Tentatively, I'm going to blame this on whatever the chiropractor did last session. I have another session scheduled for tomorrow and I'll discuss it with him.
I'm sorry to hear about that Wednesday business. That hurts. I'm constantly dealing with the conflict between an expectation that I will improve with practice and a body that is falling apart. Ballet is fun. It helps posture and muscle tone. But it's murder on the feet, ankles, and knees. At 25 I could jump and leap like crazy ... after running for two miles uphill to Washington Ballet School. Now I'm terrified of destroying something and having to quit dancing.
ReplyDeleteHi Reese! This is Christina. I'm a regular at MYB and we know each other from Julie's and Susan's classes.
ReplyDeleteI was taken aback when I read your post. It must have been so discouraging to have the instructor say you weren't ready for Advanced Beginner yet. I didn't realize MYB did that kind of gatekeeping with adult classes. It's also strange, because there is usually a wide range of levels in each class. For instance, Advanced Beginner classes often have adults who are regulars at Beginner II classes all the way up to Academy kids and professional dancers who are looking to improve their technique. Besides, some dancers take certain classes simply because they're what works best with their schedules. I was talking to another regular last week, and she said that she would prefer to take the Beginner II class on Saturdays, but logistically, it doesn't work for her right now so she takes a higher-level class.

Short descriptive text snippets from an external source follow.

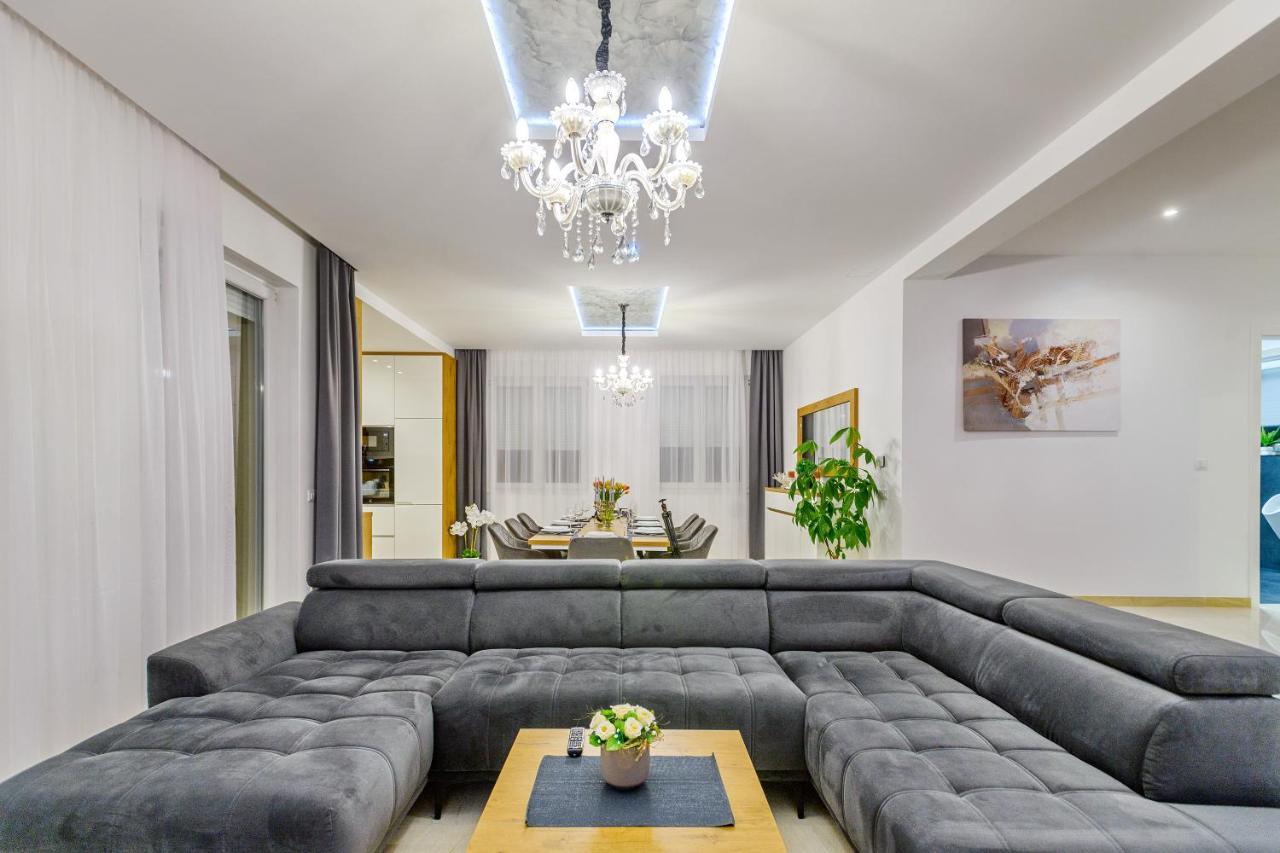Luxury Stone Villa With Pool - Brisevo المظهر الخارجي الصورة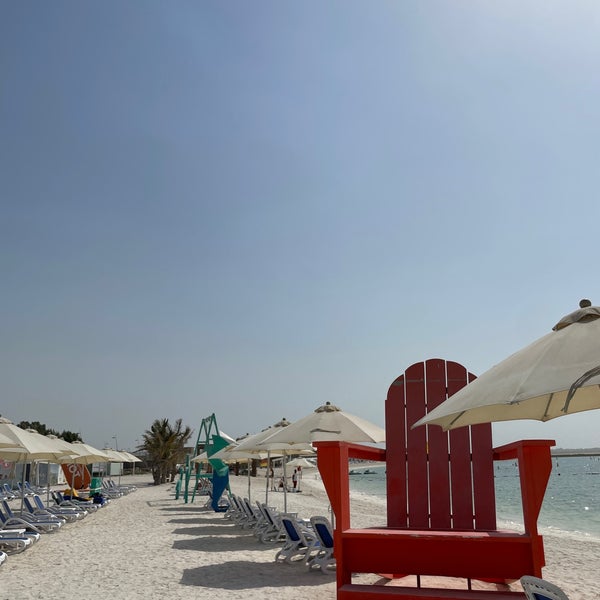 รูปภาพถ่ายที่ Yas Beach / شاطئ ياس โดย Aziz เมื่อ 8/25/2022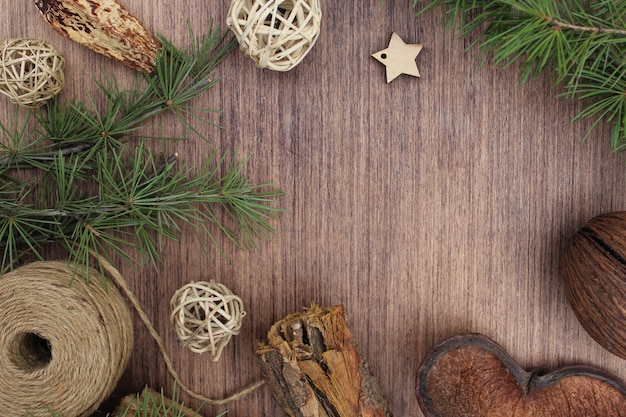 Foto gratuita elementos navideños sobre fondo de madera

I'm sorry to hear about what you went through with the Wednesday classes and hope that you don't let the experience get you down. You know you're always welcome at Susan's classes, which are kind of like Advanced Beginner anyway!

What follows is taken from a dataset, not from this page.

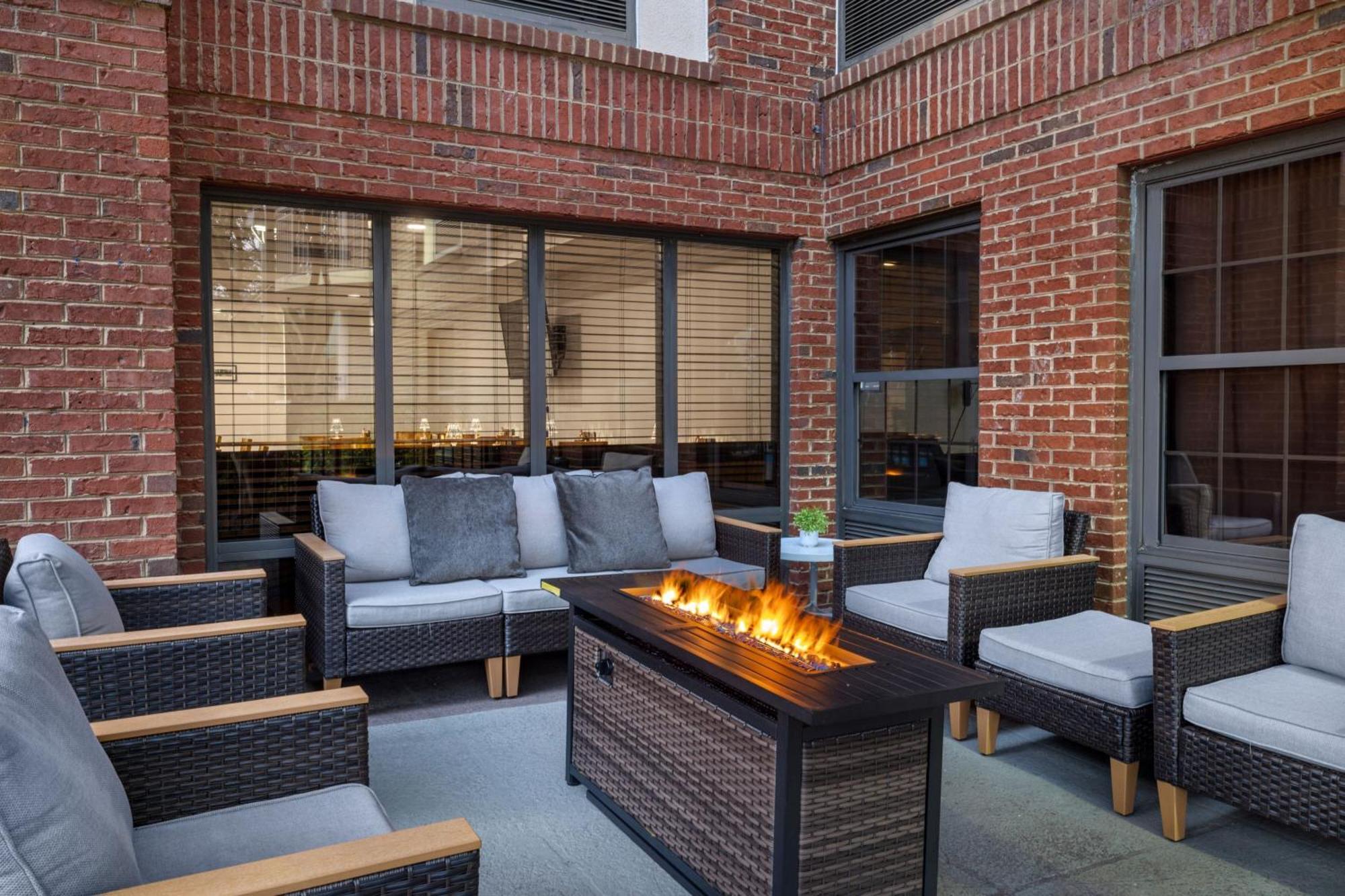 Four Points By Sheraton Greensboro Airport Exterior photo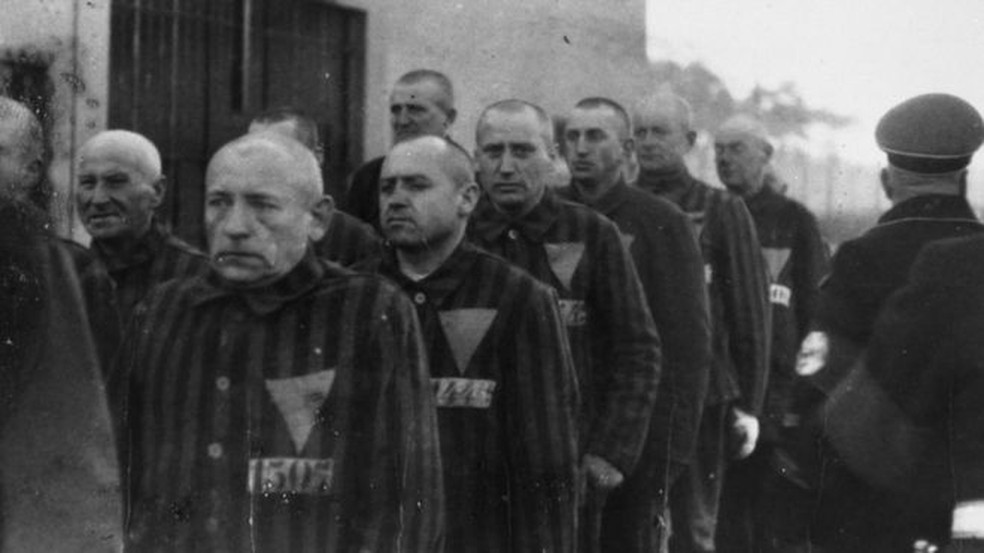 Nos campos de concentração, gays eram discriminados pelos próprios presos e recebiam as piores tarefas (Foto: Divulgação)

Hi Christine! It was nice to chat with you this evening.
DeleteI think I've run the gamut of possible reactions to this. After much contemplation, I think I've come to understand her rationale.
I had conversations this summer with Julie and several other instructors expressing my frustration with having uneven instruction over the almost 40 years since I took my first ballet class. I feel like I wasn't taught some of the basics, or wasn't taught them well, and that's been limiting my progress. I've encouraged all my instructors to give me whatever feedback they feel is appropriate, because I want to improve and recognize that this is how that will happen.
Julie has not been holding back on giving me feedback, either before or since this incident, and while it can seem nit-picking it's constructive nit-picking. Thus, I've settled on believing that Julie thinks it'd be better for me to fix more of the fundamentals before moving to her more advanced class. She might also be thinking I was planning to replace her Sunday B2 class with the Wednesday AB class, rather than add the Wednesday class.
Is this "gatekeeping"? I guess it is, in some ways, but it's her class. I could butt heads with her over it, but it'd be a pyrrhic victory. (I did this in college with my freshman composition teacher, and vowed not to repeat the experience.)
Hi Reese! It was good chatting with you last week too! I’m glad you reached some sort of peace and understanding over what happened, and are not letting it get you down. On a related topic, I wish they would bring back Julie’s Advanced Beginner class! I was taking that class before COVID hit. I liked the class because it was more challenging than Julie’s Beginner II but not as fast-paced as Susan’s class. That might also help with the crowding in the Sunday Beginner II class. It’s almost impossible to get into that class without registering several days in advance. If there was an Advanced Beginner class afterwards, some students may take that class and not the Beginner II.